CHICAGO (CBS) -- The only way to get a driver's license in Illinois is through the mail, but with widely reported postal problems, a CBS 2 viewer wondered, "Isn't there a better way?"
CBS 2 Morning Insider Tim McNicholas shows the maddening mess that sparked her question.
"I just kind of kept checking the mail daily to see when it was going to show up," she said.
The Real ID was supposed to arrive within two weeks. The Secretary of State's website says it was mailed July 14, but she still has no ID.
"This is a pretty significant legal document," she said. "With ID fraud, I was concerned. Where is my ID? Who has it? It is kind of concerning."
CBS 2 found similar complaints online from across the country -- some about real IDs and some about regular drivers licenses lost in the mail.
Given the postal delays and lost letters CBS 2 has reported on over the past year, we wondered if there was some other option. When the Secretary of State's office told Vanna to order another Real ID, she wondered the same thing.

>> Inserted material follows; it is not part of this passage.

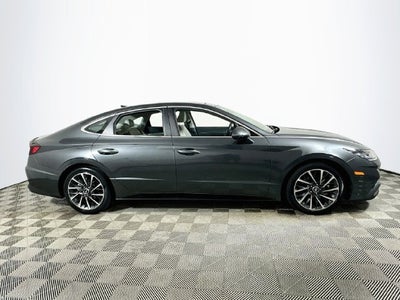 2023 Hyundai Sonata Limited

"I asked if there was a way, could I have it sent certified or through FedEx and that I would happily pay for that," she said.
It turns out, standard mail is the only option, not just for Illinois but for several other states we asked across the country. We found only one—Virginia—that said people can pay extra for upgraded delivery with tracking.
"These real IDs are meant to enhance security for homeland security purposes, but there's not really a secure way to ensure that they get to you," Vanna said.
Vanna went as far as making a complaint with the postal service and filing a police report. And once we started asking questions, the State of Illinois made an exception and did send Vanna her Real ID via UPS.
"When I contacted CBS 2 apparently there was inquiry made," she said.
She's hoping it will finally get to her soon.
The Secretary of State used to just give licenses on the spot, but they say that creates a risk if a fraudster got ahold of the documents needed to get someone else's license. So now they mail it to your address to ensure it gets to you -- or at least they try to.